== ENTRIES SHOWN ==

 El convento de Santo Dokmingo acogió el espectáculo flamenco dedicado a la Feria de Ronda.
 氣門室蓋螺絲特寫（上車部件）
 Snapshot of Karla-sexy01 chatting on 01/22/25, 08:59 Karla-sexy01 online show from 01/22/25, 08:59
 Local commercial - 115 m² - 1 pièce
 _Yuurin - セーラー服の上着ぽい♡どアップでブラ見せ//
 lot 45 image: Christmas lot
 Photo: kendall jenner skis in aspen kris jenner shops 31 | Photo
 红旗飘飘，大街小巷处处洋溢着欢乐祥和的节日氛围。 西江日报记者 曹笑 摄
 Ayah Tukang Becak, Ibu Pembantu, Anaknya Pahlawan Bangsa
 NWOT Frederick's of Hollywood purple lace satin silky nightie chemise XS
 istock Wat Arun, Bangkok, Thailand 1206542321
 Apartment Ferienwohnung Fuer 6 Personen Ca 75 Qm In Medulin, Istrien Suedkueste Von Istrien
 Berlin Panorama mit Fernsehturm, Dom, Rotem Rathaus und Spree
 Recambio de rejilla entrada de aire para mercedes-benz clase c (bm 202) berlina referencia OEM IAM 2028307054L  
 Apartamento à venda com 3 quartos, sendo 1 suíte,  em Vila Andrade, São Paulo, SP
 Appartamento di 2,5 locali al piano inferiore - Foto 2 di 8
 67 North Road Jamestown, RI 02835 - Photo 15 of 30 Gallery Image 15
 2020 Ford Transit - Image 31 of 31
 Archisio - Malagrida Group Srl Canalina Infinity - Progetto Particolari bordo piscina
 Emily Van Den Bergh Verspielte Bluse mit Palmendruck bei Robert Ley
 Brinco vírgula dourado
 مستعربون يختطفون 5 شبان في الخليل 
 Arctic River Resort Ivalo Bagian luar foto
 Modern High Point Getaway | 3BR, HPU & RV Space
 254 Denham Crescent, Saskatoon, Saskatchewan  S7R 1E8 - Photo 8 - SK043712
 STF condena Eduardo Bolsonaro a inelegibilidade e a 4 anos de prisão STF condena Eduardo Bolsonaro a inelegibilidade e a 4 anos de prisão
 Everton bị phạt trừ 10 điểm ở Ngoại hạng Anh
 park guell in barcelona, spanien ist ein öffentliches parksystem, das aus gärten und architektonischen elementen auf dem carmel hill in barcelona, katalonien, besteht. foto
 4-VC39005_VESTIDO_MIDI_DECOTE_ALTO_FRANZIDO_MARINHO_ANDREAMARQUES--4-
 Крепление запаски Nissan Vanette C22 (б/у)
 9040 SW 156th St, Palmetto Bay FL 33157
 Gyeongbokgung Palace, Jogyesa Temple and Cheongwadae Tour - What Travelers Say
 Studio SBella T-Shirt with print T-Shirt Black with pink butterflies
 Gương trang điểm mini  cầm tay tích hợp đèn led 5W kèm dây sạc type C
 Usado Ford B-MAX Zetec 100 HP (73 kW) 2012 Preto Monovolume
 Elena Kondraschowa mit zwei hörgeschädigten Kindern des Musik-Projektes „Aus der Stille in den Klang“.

===

EXERCISE BRIEF: I'd like the lines above from the one with "Emily Van Den" up to and including the one with "Gyeongbokgung Palace, Jogyesa" copied exactly, with no other lines.

FINISHED TASK:
 Emily Van Den Bergh Verspielte Bluse mit Palmendruck bei Robert Ley
 Brinco vírgula dourado
 مستعربون يختطفون 5 شبان في الخليل 
 Arctic River Resort Ivalo Bagian luar foto
 Modern High Point Getaway | 3BR, HPU & RV Space
 254 Denham Crescent, Saskatoon, Saskatchewan  S7R 1E8 - Photo 8 - SK043712
 STF condena Eduardo Bolsonaro a inelegibilidade e a 4 anos de prisão STF condena Eduardo Bolsonaro a inelegibilidade e a 4 anos de prisão
 Everton bị phạt trừ 10 điểm ở Ngoại hạng Anh
 park guell in barcelona, spanien ist ein öffentliches parksystem, das aus gärten und architektonischen elementen auf dem carmel hill in barcelona, katalonien, besteht. foto
 4-VC39005_VESTIDO_MIDI_DECOTE_ALTO_FRANZIDO_MARINHO_ANDREAMARQUES--4-
 Крепление запаски Nissan Vanette C22 (б/у)
 9040 SW 156th St, Palmetto Bay FL 33157
 Gyeongbokgung Palace, Jogyesa Temple and Cheongwadae Tour - What Travelers Say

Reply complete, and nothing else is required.